◆ Activity: Where a line in the listing contains the string "white", copy that line out.

□ □ □ □ □ □ □

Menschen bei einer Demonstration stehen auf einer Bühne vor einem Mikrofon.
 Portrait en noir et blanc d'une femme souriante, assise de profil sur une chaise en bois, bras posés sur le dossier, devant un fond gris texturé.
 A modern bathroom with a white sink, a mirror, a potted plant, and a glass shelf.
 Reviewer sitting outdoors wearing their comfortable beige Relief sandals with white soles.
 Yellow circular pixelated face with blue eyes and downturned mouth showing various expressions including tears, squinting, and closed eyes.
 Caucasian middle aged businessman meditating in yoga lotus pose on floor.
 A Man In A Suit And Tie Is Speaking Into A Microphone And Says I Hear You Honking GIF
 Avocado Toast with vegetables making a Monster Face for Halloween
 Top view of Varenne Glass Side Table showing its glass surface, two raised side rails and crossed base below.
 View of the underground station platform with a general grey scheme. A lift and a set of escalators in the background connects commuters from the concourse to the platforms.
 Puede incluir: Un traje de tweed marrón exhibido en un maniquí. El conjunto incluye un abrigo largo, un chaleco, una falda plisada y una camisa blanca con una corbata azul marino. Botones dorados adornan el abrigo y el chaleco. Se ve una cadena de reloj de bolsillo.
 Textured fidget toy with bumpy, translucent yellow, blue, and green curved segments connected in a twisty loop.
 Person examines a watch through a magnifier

□ □ □ □ □ □ □

◆ Output of the task:
 A modern bathroom with a white sink, a mirror, a potted plant, and a glass shelf.
 Reviewer sitting outdoors wearing their comfortable beige Relief sandals with white soles.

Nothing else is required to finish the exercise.